We have just completed the Connections study tour involving three representatives from the Enguserosambu Forest Trust – Mark Talash, Nalaimuta Makeseni and Samwel Nangiria. Our Maasai guests arrived in Canada on April 28th. The first week was spent on Vancouver Island visiting representatives of the T’Sou-ke and Tla-o-qui-aht First Nations. They also spent time visiting and participating in a skills workshop at UVic. A public presentation at the university was also included in their itinerary.
The second week was spent in Yukon visiting Selkirk, Kwanlen Dun and Carcross Tagish First Nations. Here they participated in in-depth discussions about maintaining their culture and the context and strategies for management of lands and resources. They were hosted to traditional dinners, engaged in games and dances, and were guided on tours in and around the communities.
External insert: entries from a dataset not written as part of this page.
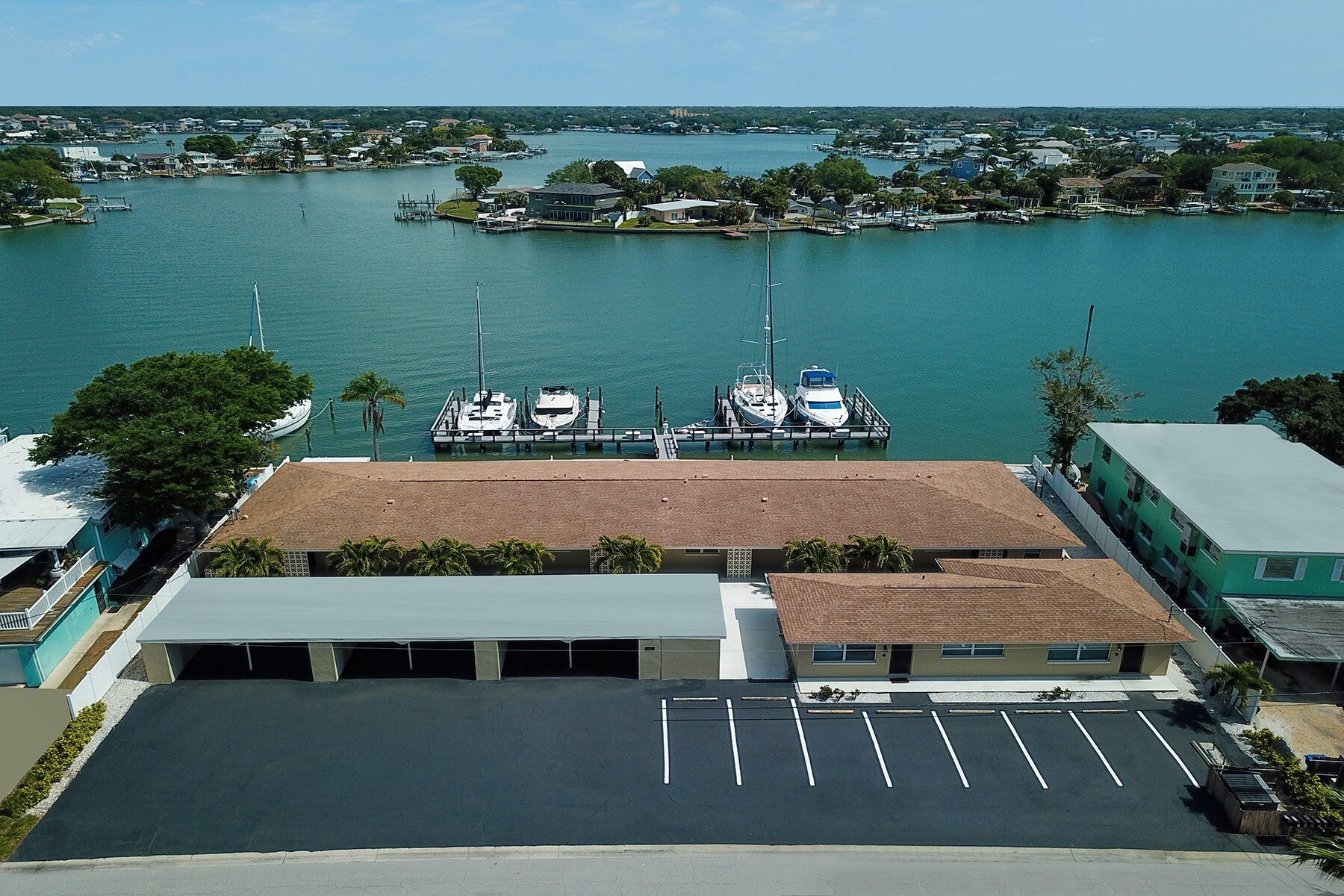 2307 Bay Blvd, Indian Rocks Beach, FL for sale Building Photo- Image 1 of 1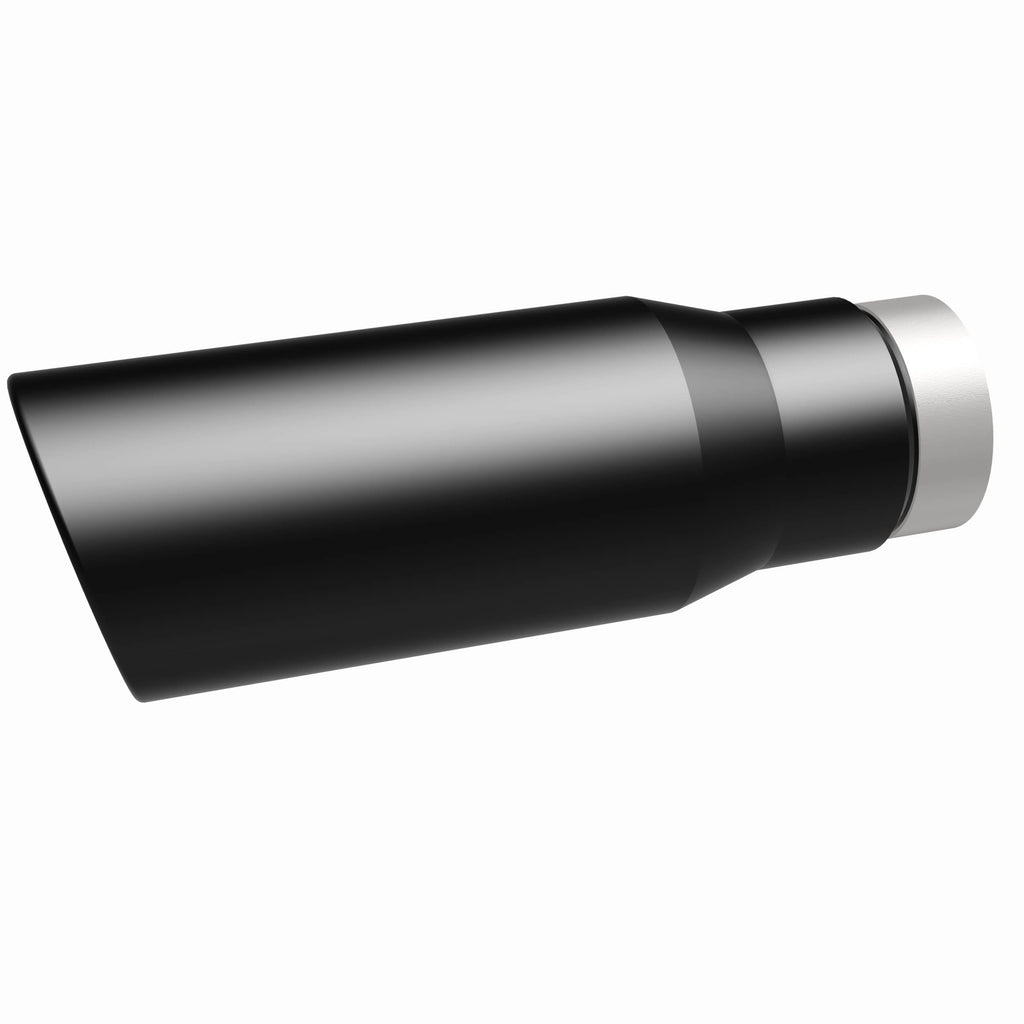 MagnaFlow Exhaust Products 35237 Single Exhaust Tip - 3.5in. Inlet/5in. Outlet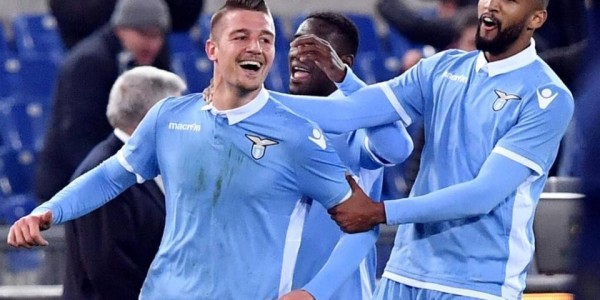 意甲第28轮焦点战，拉齐奥vs萨索洛，主队势必要复仇，首发出炉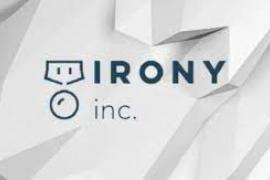 Irony Inc logo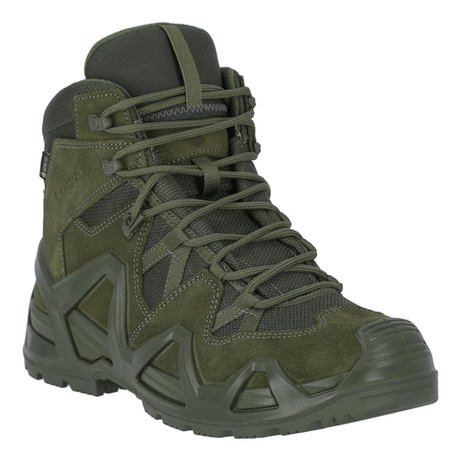Ботинки Lowa Zephyr MK2 GTX MID Wide TF - Ranger Green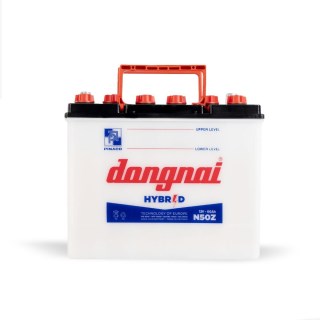 ẮC QUY ĐỒNG NAI 12V - 60AH N50Z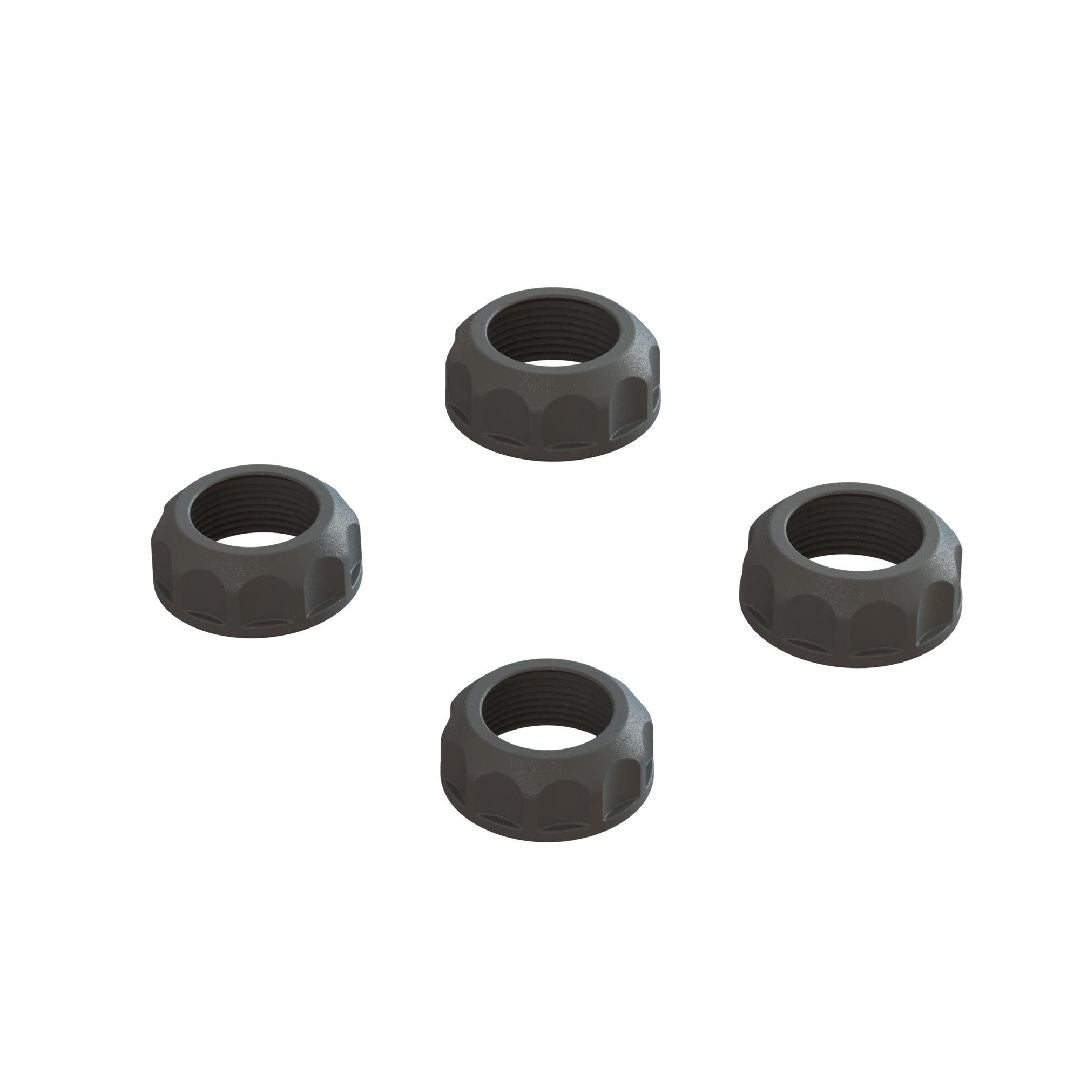 Arrma Shock Caps (4) - ARA330828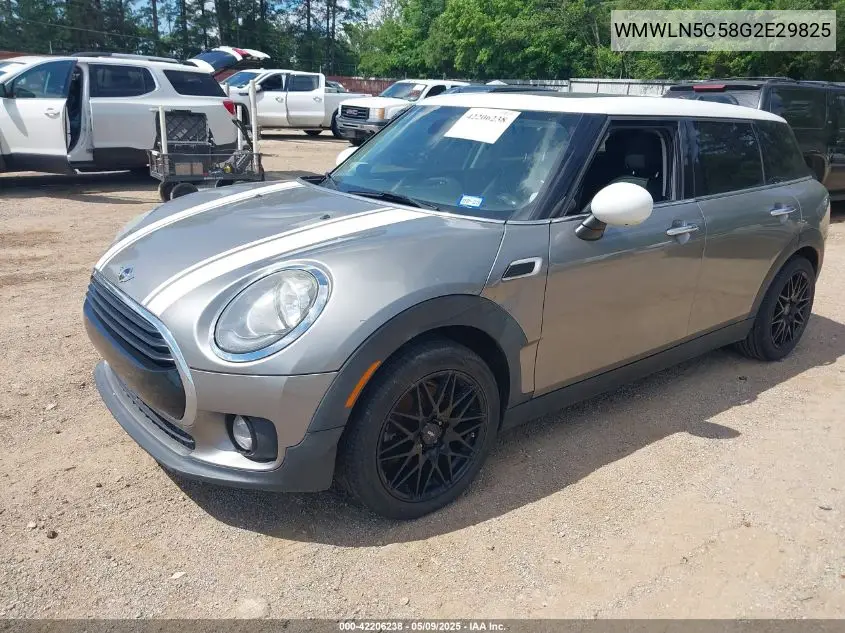 2016 Mini Clubman Cooper VIN: WMWLN5C58G2E29825 Lot: 42206238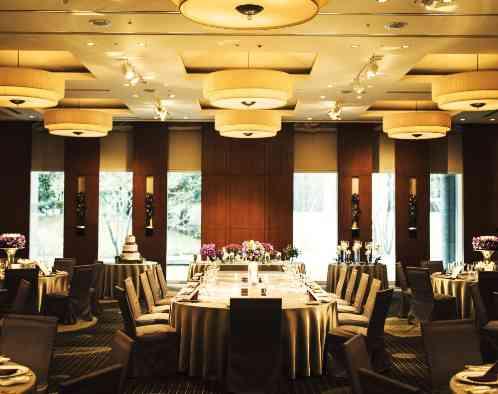 コンラッド東京の写真5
Another public event was held mid week in Whitehorse. It was a most beneficial and very enjoyable visit.
We are very grateful to the people in Victoria and Whitehorse who hosted the Maasai representatives in their homes during their stay – Alison and Garth Hastings [Victoria], Gillian McKee and Erik Val [Whitehorse] and Heather Alton and Lindsay staples [Whitehorse]. A very special thanks goes to two people who coordinated all the logistics for the public events – Alison Hastings [Victoria] and Gillian McKee [Whitehorse]. And another thanks to Alison and her daughter Alex who hosted the group on their layover in Vancouver before the long flights home.
The tour was the combined effort of the University of Victoria, the Kesho Trust and the Enguserosambu Forest Trust. We acknowledge the funing provided by the Social Sciences and Humanities Research Council of Canada under the Connections Grant program.
Nalaimuta, Mark and Samwel on Meares Island in the territory of the Tla-o-qui-aht First Nation.
Together with members of the Lands and Resources Department of the Selkirk First Nation in Pelly Crossing.
Outside the Learning Centre in Carcross with representatives of the Carcross Tagish First Nation.